Nevada-based progressive Desert Beacon disputes Lieberman’s “premise that it is Al Qaeda that is the root cause of the sectarian violence. While it certainly appears that the terrorist organization has abetted, and taken advantage of, the volatile situation for its own purposes, to think that 10% to 12% of the armed factions in Iraq are responsible for 100% of the problem ignores 88% of those involved – the Kurds, the Shi’a nationalists, and the Sunnis.”

Liberal Ezra Klein compares today’s op-ed to others Lieberman his written over the past few years, noting the “increasingly anachronistic tune”: “Every few months, Lieberman pops up to identify this – this day, this hour, this moment – as the turning point in Iraq and warn that withdrawal will impede the improvements. Then the country descends even deeper into civil war, and he picks a new instant when everything is on the upswing and only American will stands in democracy’s way.”

Lieberman also spoke today before the Senate, arguing that withdrawal makes neither moral nor strategic sense. Conservative Ed Morrissey at Captain’s Quarters wonders whether Lieberman is “warning Harry Reid and the rest of the caucus that he’s about ready to leave. That would put the Democrats in the minority and the Republicans in the majority, effectively ‘firing’ Reid.” At Hot Air, conservative AllahPundit doubts it: “He won’t flip. Coming from a state as blue as Connecticut, it’d make his prospects for reelection in 2012 exceedingly dim. Only if he’s approaching this issue the way McCain is, as something worth gambling his political future on, would he make a move like that.” Kathryn Jean Lopez at National Review’s The Tank posts the speech in full.

Read more about Lieberman’s op-ed.

Rear View: Rosie O’Donnell will be leavingThe View in June. The New York Post blames tensions between Rosie and co-host Barbara Walters. Bloggers wonder what’s next.
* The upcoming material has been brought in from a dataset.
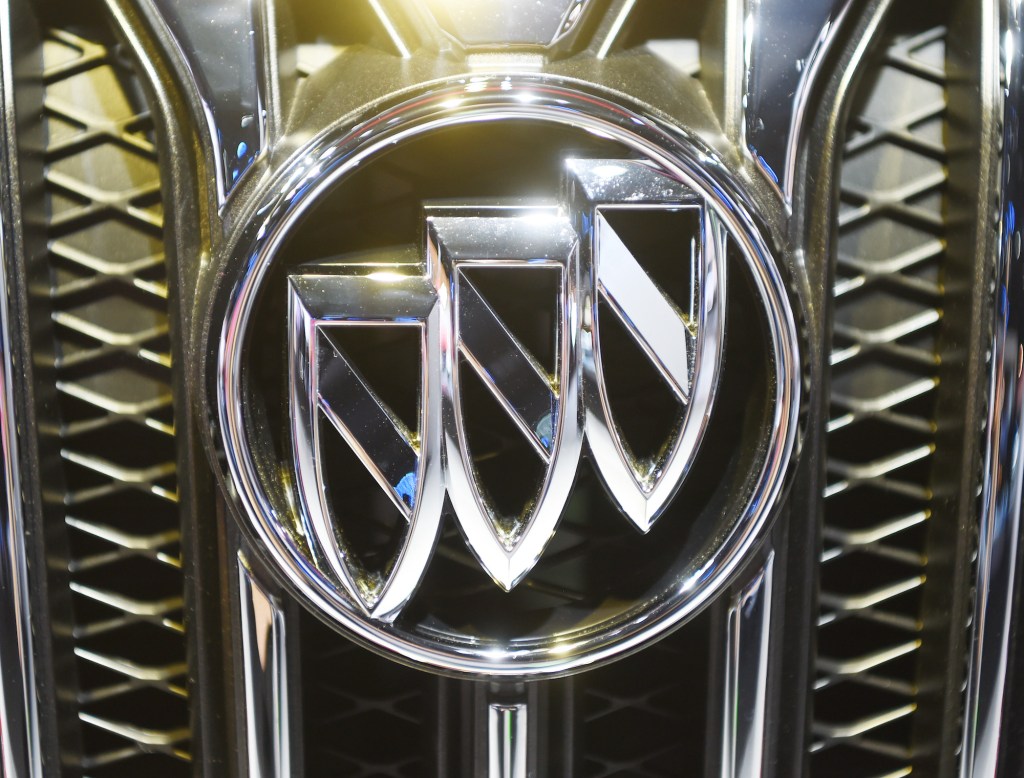 The Buick logo on a vehicle's grille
Michelle Collins at VH1’s Best Week Ever blog welcomes news that Rosie could take a role in Les Miserables: “While we’ve always thought Rosie would make a fantastic Jean Valjean, she would instead be vying for the role of Madame Thenardier, the overweight, surly wife of the Innkeeper, or, dare we say… Master of the House? … SHE WAS BORN FOR THE PART. Simply amazing. Now how the hell do we talk Donald Trump into play the Innkeeper?”
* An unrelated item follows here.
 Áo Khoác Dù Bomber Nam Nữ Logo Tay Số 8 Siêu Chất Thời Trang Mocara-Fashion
At her MSN TV blog, Kim predicts a solo Rosie show wouldn’t have the same appeal: “If she’s given a show where she can basically sit around and rant, unchecked, I think even the people who like her are going to find her uber-annoying.” Entertainment blog I Watch Stuff offers advice: “To continue hearing her annoying, often insane ramblings, fans will be forced to decode the cryptic messages of her stupid blog. Or, for an experience more true to The View, try buying a bird or bat and training it to screech at you for an hour each morning.”